Gli istituti finanziari tradizionali si trovano ad affrontare una sfida esistenziale dovuta al fatto che i sistemi di criptovaluta, grazie alle spese di transazione più basse e alla disintermediazione, stanno contribuendo a una riduzione dei margini nel settore dei servizi finanziari e, contemporaneamente, a un aumento dei volumi. Le imprese che hanno fatto affidamento sulle barriere normative, come le banche e gli ordinanti, alla fine dovranno adeguarsi. Stripe, PayPal, Visa e gli altri leader fintech, ben consapevoli di questo mutamento, si stanno adattando alla situazione.
L’infrastruttura di stablecoin non tarderà a stravolgere i servizi bancari nel settore dei pagamenti
Nei mercati emergenti, dove le valute locali sono spesso soggette a inflazione e volatilità, la richiesta di dollari statunitensi è costante. Le stablecoin (criptovalute ancorate a un’attività stabile come il dollaro) offrono un’unica soluzione a tutti questi problemi.

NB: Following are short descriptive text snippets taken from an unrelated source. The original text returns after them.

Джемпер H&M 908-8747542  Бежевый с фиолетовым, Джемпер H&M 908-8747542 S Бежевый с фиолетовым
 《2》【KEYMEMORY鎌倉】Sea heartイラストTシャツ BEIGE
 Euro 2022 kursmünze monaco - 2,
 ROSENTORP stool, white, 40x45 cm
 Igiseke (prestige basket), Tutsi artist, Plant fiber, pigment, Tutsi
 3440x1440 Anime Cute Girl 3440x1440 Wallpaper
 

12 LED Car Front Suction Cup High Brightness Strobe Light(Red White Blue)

Per gli utenti di tutto il mondo, in particolare delle regioni con controlli sul capitale e vigilanza finanziaria, le stablecoin fanno da ponte per accedere al dollaro senza i consueti ostacoli e limitazioni associati ai conti esteri in dollari.
Ora come ora riteniamo che l’acquisizione da parte di Stripe sia parte di un fenomeno più vasto che potrebbe rendere le stablecoin un punto di riferimento nei pagamenti internazionali e, al contempo, creare condizioni favorevoli alla crescita di Bitcoin (per maggiori informazioni sulle ripercussioni delle stablecoin su Bitcoin clicca qui).
Condividiamo l’opinione di Nic Carter secondo cui le applicazioni fintech esistenti o in fase di sviluppo preferiranno sfruttare l’infrastruttura stablecoin rispetto ai sistemi bancari tradizionali. Inoltre gli utenti preferiscono detenere e scambiare stablecoin tramite piattaforme fintech, che sono solite offrire conti con rendimenti maggiori e interfacce più intuitive. Stiamo già assistendo a questo fenomeno nei mercati emergenti, e non pensiamo che si tratti di casi isolati.
Guardando al futuro, le stablecoin continueranno a esercitare una pressione competitiva nei confronti delle banche centrali che offrono monete scadenti. Presto lo faranno anche nei confronti dei sistemi bancari tradizionali a cui si rivolgono utenti e imprese, in particolar modo le fintech. In un futuro ancora più remoto potrebbero rappresentare una minaccia per la maggior parte delle valute fiat mondiali. In altre parole, la parabola delle stablecoin è solo agli inizi.